## [Record extracts]
--------------------------------------------------

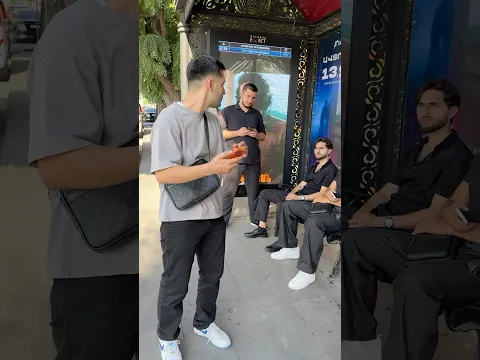 Когда заказал такси на остановке 😂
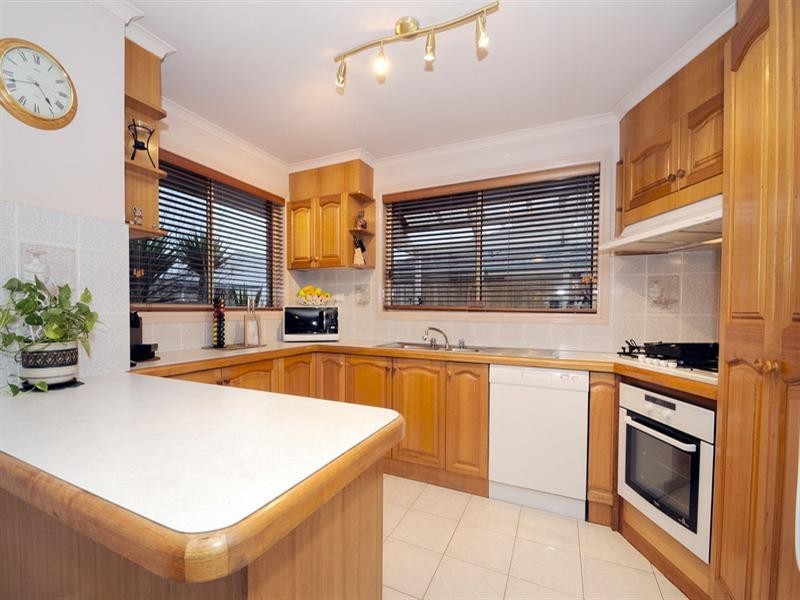 71 Nurten Parade, Aspendale Gardens VIC 3195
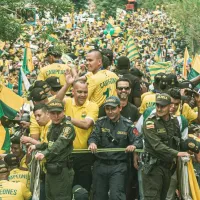 Gran recibimiento al campeón del fútbol colombiano en Bucaramanga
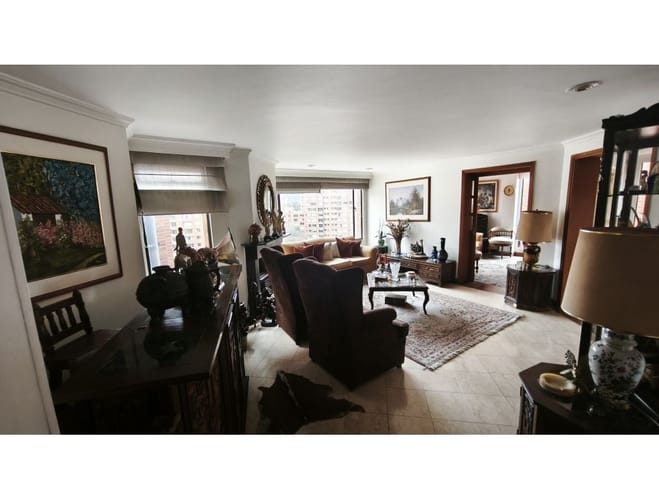 Apartamento de 3 alcobas en venta en La Calleja, Bogotá, 157 m² · foto 2 de 21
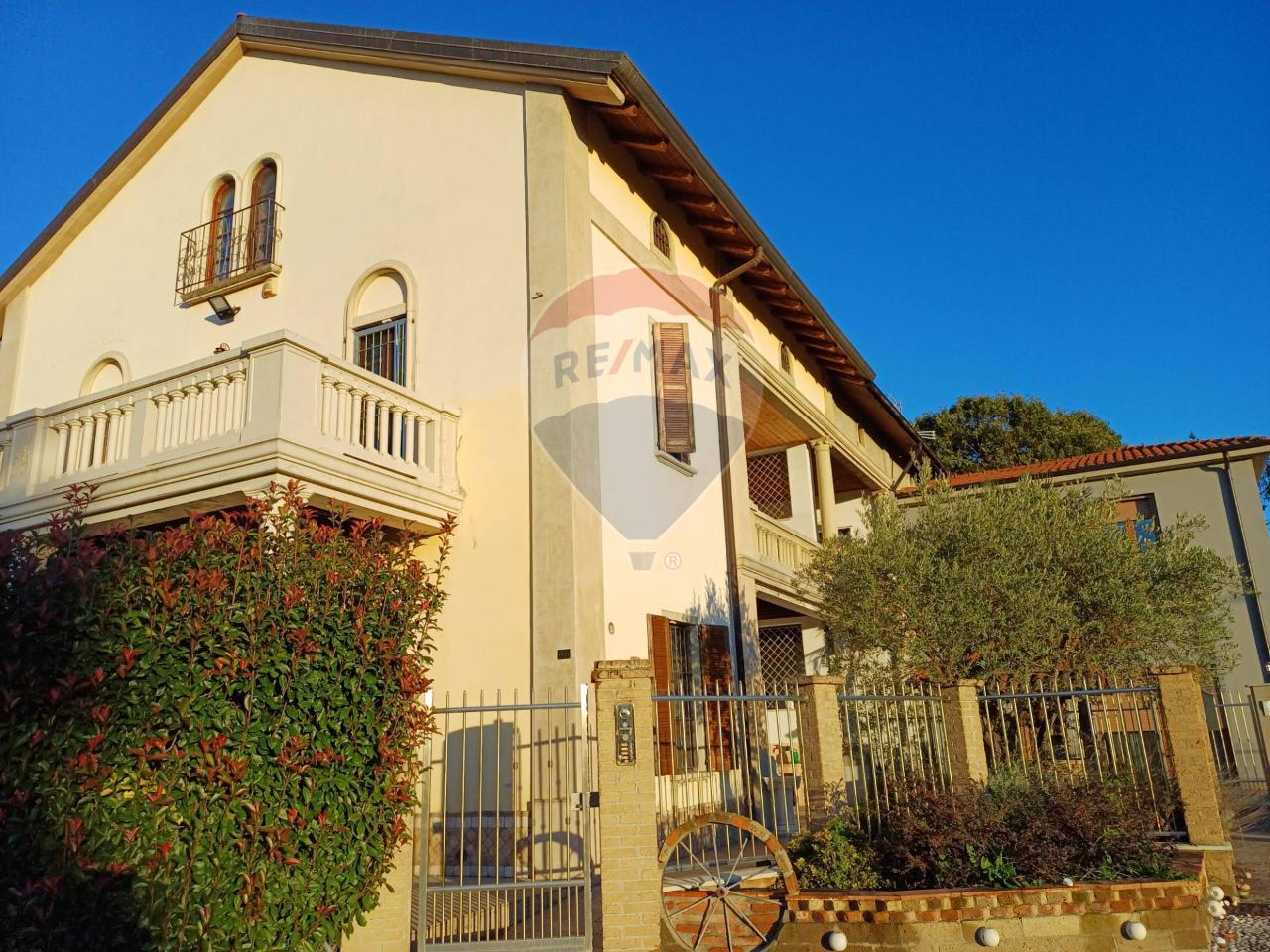 Villa in vendita a Cornate D'Adda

--------------------------------------------------

## [Directions]
Nothing but the lines from the one containing "71 Nurten Parade, Aspendale Gardens VIC 3195" through the final line of the records, both included and copied exactly, should appear in the answer; pictures stay out.

## [Answer space]
 71 Nurten Parade, Aspendale Gardens VIC 3195
 Gran recibimiento al campeón del fútbol colombiano en Bucaramanga
 Apartamento de 3 alcobas en venta en La Calleja, Bogotá, 157 m² · foto 2 de 21
 Villa in vendita a Cornate D'Adda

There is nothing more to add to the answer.